[S]oggetti migranti

Data di avvio: 2010

Durata

Partner:          Museo Nazionale Preistorico Etnografico “Luigi Pigorini” (Italia)

Musée royal de l’Afrique centrale de TervurenName: Guido GRYSEELS (Belgio)

Museum für Völkerkunde HamburgName: Wulf Köpke (Germania)

Etablissement public Musée du Quai BranlyName: Stéphane MARTIN (Francia)

 

 

Action: Creative Europe        Culture (2007-2013) ► Cooperation measures

 

Obiettivo generale:

I musei etnografici stanno cercando di ridefinire la loro missione sociale in relazione alla necessità di intensificare il dialogo con i popoli del mondo rappresentati nelle loro collezioni. In Europa questo processo è iniziato con il riavvicinamento con le associazioni di diaspora, spesso assenti dalla realizzazione di eventi che però le riguardano.

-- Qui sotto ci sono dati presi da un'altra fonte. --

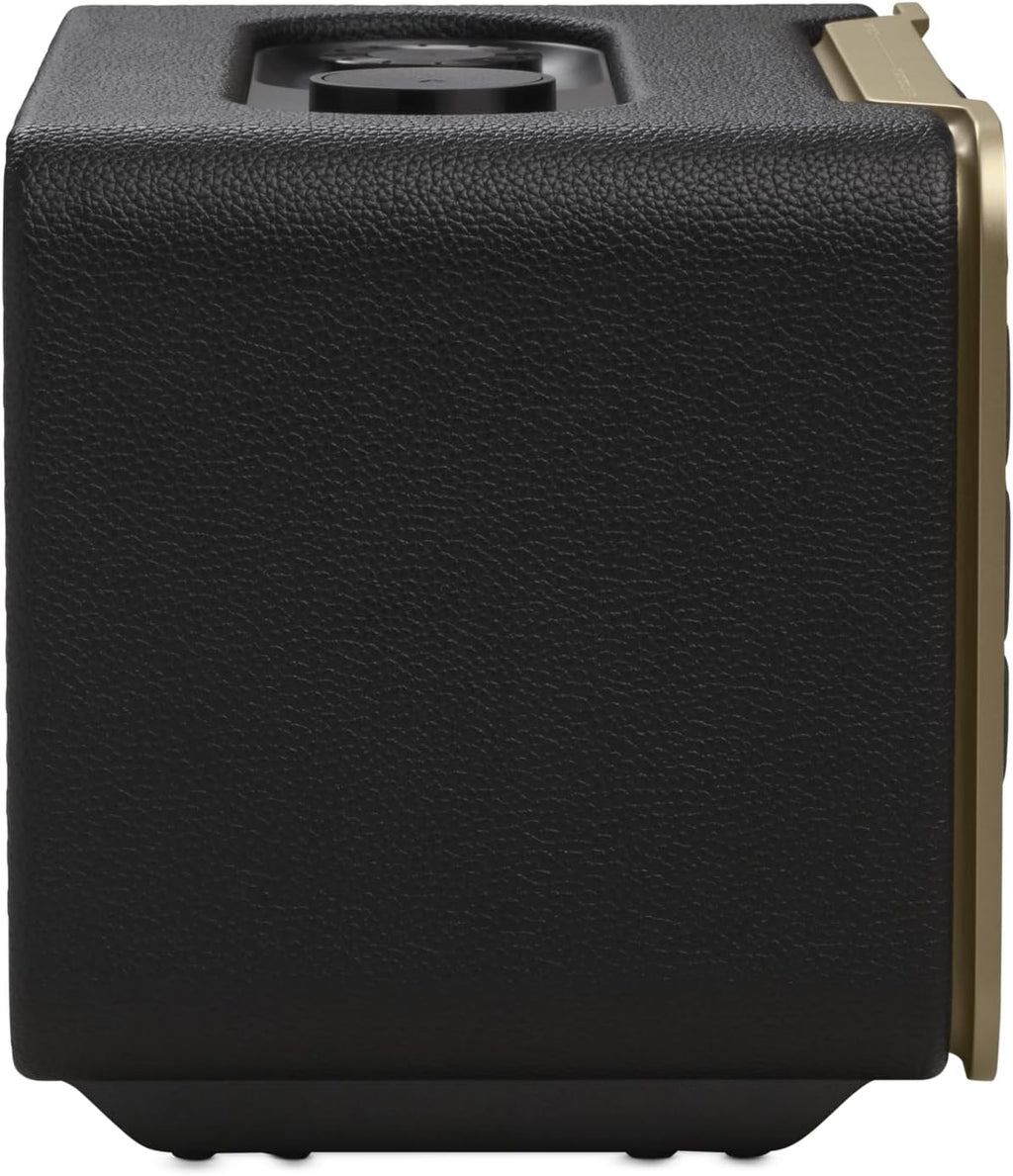JBL Authentics 200 Smart Home Altoparlante – Cassa Bluetooth dal design retrò anni '70 – Con griglia Quadrex, Google Assistant, Alexa, AirPlay e JBL One App – Nero
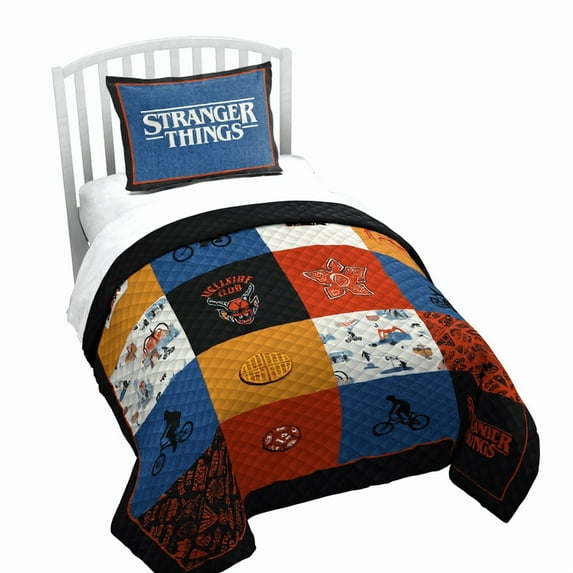 Netflix Stranger Things Nostalgia 2 piece Multicolor Quilt and Sham Bedding Set, Twin/Full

Queste associazioni devono avere un migliore accesso alle istituzioni museali. Da attori sociali esterni alle politiche museali, possono diventare protagonisti e agenti del dialogo interculturale.

 

Obiettivo specifico:

Il progetto fa parte di un programma che intende proseguire il lavoro avviato da READ-ME (European Network of Diaspora Associations & Ethnography Museums) per raggiungere gli obiettivi individuati e identificati come suoi punti di forza. In questo contesto, i musei etnografici europei vogliono creare con le associazioni della diaspora 4 laboratori tecnico-scientifici sul tema degli “oggetti migranti” presso il Museo Reale dell’Africa Centrale di Tervuren, il Museo Quai Branly di Parigi, il Volkskundemuseum di Amburgo e il Museo Nazionale Preistorico Etnografico di Roma. Una giornata del patrimonio migratorio dedicata al dialogo interculturale, che sarà scandita da attività educative e culturali e artistiche per bambini e adulti, un workshop scientifico e una mostra temporanea “general public” presso il Museo Luigi Pigorini di Roma completeranno il partenariato e l’approccio partecipativo alla museologia.

Il valore aggiunto del progetto, e in particolare della mostra, sta proprio nel processo di collaborazione tra le associazioni della diaspora e i professionisti del museo.